Özetle ihtiyaç azalmıyor. Üzerinde durulması gereken nokta, gelecek dövizin ne kadarı borç ve sıcak para olacak. Soruya verilecek cevap önemli. Eğer içeride veya dışarıda beklenmedik bir olay olursa, yabancı yatırımcılar için yangında ilk kurtarılacak paralar onlar.

AYAĞIMIZI YORGANIMIZA GÖRE UZATMALIYIZ
Niye bu kadar merak ediyorsun, itfaiye çalışıyor, artık yetişmiş, tecrübeli itfaiyeciler, hatta Arap dostlarımız var diyebilirsiniz. Bir kısmı doğru. Ama iki soruna da dikkat etmek lazım. Birincisi, ekonominin bazı altyapı sorunları var, sokaklar dar. İtfaiye araçları bu sokaklara giremiyor. İkincisi ve daha önemlisi itfaiyenin merdivenleri bazı evlerin üst katlarına ulaşmıyor. Eldeki döviz varlıkları, yükümlülükleri karşılamaya yetmiyor.
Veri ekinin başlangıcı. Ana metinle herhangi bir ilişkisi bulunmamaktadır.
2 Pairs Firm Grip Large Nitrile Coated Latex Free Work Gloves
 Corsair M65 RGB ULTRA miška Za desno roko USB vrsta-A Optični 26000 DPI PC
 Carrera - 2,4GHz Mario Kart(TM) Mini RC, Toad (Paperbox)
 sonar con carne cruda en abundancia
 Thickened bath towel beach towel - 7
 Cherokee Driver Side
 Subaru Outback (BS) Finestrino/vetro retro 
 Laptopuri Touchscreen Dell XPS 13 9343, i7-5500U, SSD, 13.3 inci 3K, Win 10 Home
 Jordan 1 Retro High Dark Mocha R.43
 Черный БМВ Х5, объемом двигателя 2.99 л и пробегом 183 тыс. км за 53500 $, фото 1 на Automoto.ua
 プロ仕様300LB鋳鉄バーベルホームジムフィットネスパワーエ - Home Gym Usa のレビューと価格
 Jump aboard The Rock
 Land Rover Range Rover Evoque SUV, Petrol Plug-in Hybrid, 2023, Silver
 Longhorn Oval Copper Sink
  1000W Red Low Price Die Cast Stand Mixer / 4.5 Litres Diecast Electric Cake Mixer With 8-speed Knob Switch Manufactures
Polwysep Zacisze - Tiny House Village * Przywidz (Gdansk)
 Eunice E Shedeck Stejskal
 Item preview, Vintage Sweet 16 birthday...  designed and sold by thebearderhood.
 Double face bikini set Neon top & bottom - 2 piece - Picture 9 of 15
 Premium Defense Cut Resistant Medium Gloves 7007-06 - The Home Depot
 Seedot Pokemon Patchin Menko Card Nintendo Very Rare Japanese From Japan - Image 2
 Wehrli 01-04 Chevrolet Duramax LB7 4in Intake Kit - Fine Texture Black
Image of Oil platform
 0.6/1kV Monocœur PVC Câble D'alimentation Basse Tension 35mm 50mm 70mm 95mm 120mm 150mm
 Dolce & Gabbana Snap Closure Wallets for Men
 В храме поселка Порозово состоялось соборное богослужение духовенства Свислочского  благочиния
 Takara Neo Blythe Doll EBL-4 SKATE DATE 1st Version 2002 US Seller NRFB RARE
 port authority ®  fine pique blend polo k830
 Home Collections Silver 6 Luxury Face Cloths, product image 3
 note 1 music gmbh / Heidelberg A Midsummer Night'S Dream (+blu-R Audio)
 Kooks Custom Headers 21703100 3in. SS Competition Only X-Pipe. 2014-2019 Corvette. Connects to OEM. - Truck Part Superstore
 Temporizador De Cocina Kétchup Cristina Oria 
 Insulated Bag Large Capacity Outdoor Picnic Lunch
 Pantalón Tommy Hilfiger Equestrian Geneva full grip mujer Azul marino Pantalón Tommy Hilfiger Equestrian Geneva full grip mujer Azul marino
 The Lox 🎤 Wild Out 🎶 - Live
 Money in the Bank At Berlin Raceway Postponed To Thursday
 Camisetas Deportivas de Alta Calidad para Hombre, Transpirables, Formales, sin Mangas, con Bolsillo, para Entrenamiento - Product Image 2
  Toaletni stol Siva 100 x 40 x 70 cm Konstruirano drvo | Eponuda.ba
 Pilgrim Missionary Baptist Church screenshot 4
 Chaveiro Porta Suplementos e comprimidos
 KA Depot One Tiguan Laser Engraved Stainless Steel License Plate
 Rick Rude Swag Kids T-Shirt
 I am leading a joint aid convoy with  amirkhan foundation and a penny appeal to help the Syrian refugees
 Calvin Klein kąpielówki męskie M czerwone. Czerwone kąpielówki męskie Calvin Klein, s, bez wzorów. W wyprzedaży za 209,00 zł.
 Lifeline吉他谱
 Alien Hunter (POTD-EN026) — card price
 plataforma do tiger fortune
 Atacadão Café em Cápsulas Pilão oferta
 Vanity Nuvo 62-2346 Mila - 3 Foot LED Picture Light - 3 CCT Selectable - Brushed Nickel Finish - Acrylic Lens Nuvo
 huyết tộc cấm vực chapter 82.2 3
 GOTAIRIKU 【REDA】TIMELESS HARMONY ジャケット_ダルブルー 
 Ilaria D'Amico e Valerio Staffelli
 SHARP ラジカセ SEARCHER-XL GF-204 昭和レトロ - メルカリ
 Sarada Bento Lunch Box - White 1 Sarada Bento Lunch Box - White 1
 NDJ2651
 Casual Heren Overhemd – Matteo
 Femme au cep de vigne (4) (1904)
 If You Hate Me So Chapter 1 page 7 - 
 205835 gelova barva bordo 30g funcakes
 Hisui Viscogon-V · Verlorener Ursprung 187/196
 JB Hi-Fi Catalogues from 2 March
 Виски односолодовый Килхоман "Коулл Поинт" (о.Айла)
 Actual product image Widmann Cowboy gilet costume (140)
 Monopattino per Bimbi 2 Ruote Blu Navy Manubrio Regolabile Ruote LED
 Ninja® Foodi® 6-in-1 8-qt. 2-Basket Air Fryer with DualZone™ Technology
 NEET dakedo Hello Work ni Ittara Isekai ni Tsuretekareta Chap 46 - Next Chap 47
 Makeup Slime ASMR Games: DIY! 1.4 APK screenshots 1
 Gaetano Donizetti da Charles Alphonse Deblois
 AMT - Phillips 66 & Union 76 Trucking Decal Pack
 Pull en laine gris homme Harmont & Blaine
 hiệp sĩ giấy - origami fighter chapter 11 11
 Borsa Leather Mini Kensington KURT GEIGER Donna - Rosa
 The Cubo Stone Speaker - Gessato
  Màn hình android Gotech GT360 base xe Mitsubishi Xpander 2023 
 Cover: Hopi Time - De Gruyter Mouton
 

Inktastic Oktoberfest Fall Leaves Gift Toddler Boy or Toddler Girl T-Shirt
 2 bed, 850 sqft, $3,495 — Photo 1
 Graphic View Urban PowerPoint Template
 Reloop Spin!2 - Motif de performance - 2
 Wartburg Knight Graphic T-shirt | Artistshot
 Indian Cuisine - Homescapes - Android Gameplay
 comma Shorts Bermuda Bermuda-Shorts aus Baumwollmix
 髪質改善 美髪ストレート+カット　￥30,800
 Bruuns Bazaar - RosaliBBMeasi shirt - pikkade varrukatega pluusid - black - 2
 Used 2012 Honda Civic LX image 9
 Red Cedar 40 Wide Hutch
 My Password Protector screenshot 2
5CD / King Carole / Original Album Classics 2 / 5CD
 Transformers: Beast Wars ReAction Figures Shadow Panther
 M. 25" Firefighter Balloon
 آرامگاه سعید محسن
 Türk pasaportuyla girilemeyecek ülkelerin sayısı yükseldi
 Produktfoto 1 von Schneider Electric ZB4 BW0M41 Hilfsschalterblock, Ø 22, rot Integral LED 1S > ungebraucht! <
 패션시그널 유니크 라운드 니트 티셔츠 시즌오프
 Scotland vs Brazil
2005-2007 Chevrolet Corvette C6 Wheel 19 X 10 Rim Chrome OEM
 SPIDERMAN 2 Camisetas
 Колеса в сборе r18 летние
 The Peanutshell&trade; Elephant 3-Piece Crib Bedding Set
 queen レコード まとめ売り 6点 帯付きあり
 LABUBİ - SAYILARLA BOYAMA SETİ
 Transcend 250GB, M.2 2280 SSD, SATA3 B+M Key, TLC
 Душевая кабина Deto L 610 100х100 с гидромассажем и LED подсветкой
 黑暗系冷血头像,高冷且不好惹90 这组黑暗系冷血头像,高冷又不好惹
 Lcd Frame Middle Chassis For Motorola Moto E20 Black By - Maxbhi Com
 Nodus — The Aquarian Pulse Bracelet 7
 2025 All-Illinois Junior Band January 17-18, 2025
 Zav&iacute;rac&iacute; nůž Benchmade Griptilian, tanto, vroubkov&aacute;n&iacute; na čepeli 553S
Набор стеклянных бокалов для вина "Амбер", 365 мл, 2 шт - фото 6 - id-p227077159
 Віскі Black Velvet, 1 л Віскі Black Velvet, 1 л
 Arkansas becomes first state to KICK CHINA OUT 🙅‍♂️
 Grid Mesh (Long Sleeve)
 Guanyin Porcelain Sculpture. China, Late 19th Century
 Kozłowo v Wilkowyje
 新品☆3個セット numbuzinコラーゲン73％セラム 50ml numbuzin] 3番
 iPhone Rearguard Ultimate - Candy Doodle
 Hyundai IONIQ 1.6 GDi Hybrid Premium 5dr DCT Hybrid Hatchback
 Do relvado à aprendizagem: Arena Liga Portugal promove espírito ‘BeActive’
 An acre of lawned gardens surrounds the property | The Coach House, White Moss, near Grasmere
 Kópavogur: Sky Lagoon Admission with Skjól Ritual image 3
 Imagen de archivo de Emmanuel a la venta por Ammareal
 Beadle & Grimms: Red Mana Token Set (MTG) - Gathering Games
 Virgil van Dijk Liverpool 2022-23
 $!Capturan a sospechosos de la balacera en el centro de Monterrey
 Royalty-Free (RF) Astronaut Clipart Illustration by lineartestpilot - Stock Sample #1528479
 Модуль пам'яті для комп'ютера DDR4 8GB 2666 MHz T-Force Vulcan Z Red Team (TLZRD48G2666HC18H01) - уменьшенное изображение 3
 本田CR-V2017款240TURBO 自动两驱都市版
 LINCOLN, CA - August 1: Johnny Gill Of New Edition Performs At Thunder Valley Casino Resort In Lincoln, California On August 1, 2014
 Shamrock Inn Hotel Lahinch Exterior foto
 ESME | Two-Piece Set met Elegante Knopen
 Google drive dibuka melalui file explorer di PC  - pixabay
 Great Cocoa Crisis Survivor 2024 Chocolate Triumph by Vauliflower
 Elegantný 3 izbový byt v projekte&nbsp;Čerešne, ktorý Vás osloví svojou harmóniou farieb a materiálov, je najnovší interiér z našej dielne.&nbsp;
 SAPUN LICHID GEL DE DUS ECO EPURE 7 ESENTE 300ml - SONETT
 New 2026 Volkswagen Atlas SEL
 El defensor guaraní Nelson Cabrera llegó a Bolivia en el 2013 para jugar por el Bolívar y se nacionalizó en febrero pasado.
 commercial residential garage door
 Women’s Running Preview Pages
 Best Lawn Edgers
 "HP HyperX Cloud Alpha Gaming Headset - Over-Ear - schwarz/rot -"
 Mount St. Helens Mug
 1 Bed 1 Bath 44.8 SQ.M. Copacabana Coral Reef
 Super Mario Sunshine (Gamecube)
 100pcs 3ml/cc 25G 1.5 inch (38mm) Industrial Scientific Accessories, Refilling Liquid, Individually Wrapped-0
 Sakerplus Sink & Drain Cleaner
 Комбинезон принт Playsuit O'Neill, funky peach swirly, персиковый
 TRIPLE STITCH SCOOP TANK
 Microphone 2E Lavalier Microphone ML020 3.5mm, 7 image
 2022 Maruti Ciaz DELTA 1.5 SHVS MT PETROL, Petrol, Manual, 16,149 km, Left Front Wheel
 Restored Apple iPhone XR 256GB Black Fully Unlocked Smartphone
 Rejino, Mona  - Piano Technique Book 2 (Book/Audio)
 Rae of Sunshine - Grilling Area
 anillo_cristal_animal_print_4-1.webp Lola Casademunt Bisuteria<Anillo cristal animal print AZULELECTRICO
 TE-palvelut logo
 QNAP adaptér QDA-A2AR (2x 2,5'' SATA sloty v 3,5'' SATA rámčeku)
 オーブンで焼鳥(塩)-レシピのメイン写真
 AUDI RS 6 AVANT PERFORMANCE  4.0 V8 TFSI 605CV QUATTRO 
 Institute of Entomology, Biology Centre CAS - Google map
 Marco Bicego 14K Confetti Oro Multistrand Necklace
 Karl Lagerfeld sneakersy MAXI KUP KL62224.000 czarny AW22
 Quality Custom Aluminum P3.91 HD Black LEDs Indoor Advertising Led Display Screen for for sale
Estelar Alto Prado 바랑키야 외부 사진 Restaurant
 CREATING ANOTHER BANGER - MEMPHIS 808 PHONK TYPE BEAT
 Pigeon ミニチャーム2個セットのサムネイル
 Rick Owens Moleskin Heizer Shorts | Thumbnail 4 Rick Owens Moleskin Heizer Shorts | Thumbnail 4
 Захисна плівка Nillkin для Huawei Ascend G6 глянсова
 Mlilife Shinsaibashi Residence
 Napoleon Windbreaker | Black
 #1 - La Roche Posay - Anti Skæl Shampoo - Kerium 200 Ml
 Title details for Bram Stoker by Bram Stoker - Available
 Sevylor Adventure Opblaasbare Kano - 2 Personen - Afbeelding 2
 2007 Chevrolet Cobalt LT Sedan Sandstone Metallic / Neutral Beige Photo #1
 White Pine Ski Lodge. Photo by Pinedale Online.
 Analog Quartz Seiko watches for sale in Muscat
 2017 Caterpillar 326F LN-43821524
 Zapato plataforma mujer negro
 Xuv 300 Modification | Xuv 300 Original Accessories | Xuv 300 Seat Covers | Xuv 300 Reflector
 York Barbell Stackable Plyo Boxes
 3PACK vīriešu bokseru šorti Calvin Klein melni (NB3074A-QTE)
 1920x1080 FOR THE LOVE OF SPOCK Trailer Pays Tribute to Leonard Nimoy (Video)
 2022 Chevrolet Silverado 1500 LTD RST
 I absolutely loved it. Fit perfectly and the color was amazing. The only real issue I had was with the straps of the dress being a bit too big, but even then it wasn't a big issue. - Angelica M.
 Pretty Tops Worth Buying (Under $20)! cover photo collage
Kısacası; cari açık verip, dışarıdan aldığımız paralarla refah içinde yaşadığımızı zannetme yanılgısından bir an önce vazgeçmemiz lazım. Bazı "ekonomist"lerin söylemlerine inanıp; "Türkiye bölgesel güç oluyor. Hızla büyümesi lazım. Cari açıksız da büyüyemeyeceğimize göre, döviz borçlanmaya devam edilmelidir" türü söylemleri kabullenmenin sonu, Düyun-u Umumiye dersinde de olduğu gibi, bugün olmasa bile bir gün, egemenlik hakkının yabancıya devriyle sonuçlanabilir.